I consider a range of chance-affecting cases from driving cars, depositing cheques, charitable giving, and going to war. These cases concern the choice between performing single actions that affect your chances of fulfilling a specific obligation in the future. I argue they reveal that otherwise permissible and not heavily burdensome actions which drastically decrease our chances of fulfilling a moral obligation in the future are morally wrong. Such moral wrongness can be outweighed, but only under certain circumstances, such as when you would bring about a weightier moral good by lowering your chances of fulfilling some other obligation you have.
I also address cases of types of actions the systematic performing of which lowers one’s chances of fulfilling a moral obligation in the future. Suppose you have an obligation to help your best friend at time t10. Suppose someone then offers you a course of pills from time t0 to t10. Each pill provides some brief pleasure after consumption whilst doing some minor, imperceptible harm to you. You are reliably informed that whilst consumption of a single pill will not significantly harm you, taking these pills systematically over a period of time will make you extremely physically unwell. Taking the pills, I argue, is morally wrong, because doing so would drastically lower your chances of fulfilling your obligation at t10. If so, then, at least, smoking, drug abuse, and severely neglecting one’s own physical and mental well-being – and any other systematically chance-lowering actions – are morally wrong (even if, in principle, such wrongness can be outweighed). We morally ought to take care of ourselves, but, perhaps surprisingly, I think this is because of what we owe to others whom we have moral obligations to.
But, even if I’m right about that, notice how many more questions chance-affecting actions raise. For example, do we also have moral reasons to increase our chances of fulfilling our obligations? Does the kind of obligation we are changing the chances of fulfilling affect the morality of chance-affecting? Is the status of chance-affecting independent of whether the relevant obligation is ultimately fulfilled? Does the moral status of chance-affecting actions at all depend on whether the obligations in question are to those we stand in special relations to? I hope the paper, at least, increases our chances of shedding some light on this pervasive feature of our moral lives – perhaps you might even increase your chances of doing the right thing in the future by giving it a read!
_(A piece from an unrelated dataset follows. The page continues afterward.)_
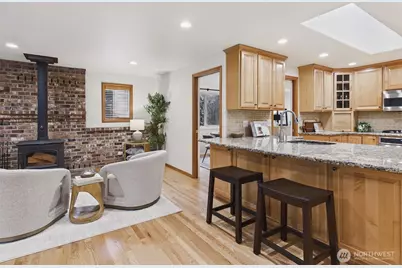 18903 NE 165th Place, Woodinville, WA 98072 - Photo 17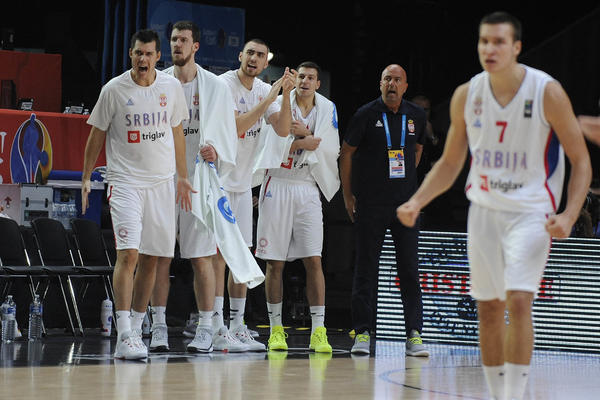 Odjeknula bomba u ponoć na Malom Kalemegdanu: Zvezda potpisala reprezentativca Srbije!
Actions that, by shortening your life, lower your chances of doing what you later ought to do equally lower your chances of later doing what you ought not to do, so are they then equally morally obligatory?
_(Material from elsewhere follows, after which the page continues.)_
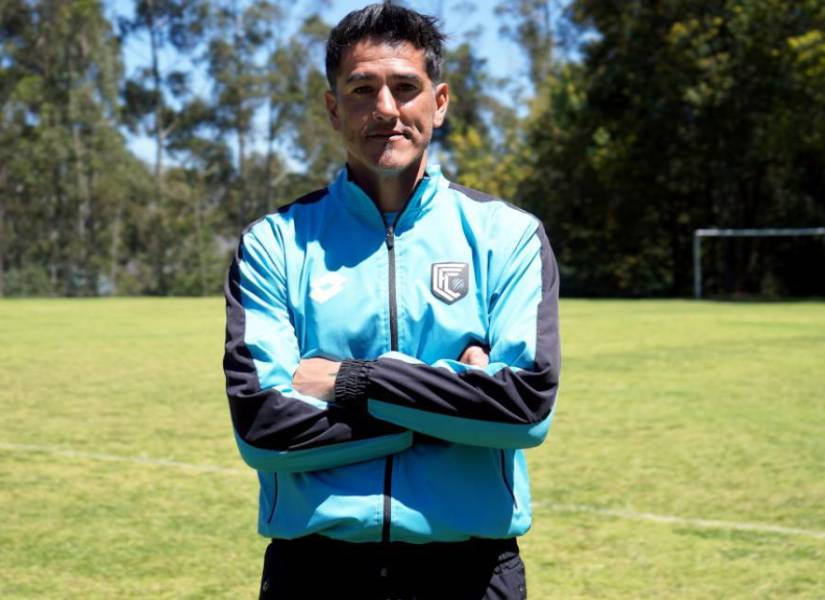 El Beto Araujo llegaría al banquillo del Deportivo Cuenca.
If shortening your life is something in itself that you ought not to do, then no.
Thanks very much for this interesting and helpful question!
If I understand correctly, your thought is that there are some actions which shorten our lives and which, in doing so, make it less likely that we will fulfil *any* of our obligations – including making it less likely we will do things we ought not to do. Since, on the face of it, making it less likely we will do what we ought not to does not seem so bad, you are wondering whether my view says that we actually are also doing something morally wrong if we do things that both lower our chances of doing what we ought to do and lower our chances of avoiding doing things we ought not to do. This is a really interesting issue and there are definitely difficult questions about the moral status of actions that seem to simultaneously lower our chances of doing *anything* we ought or ought not to do. I am afraid there is no quick answer here. So here are some thoughts in response that, I hope, are helpful.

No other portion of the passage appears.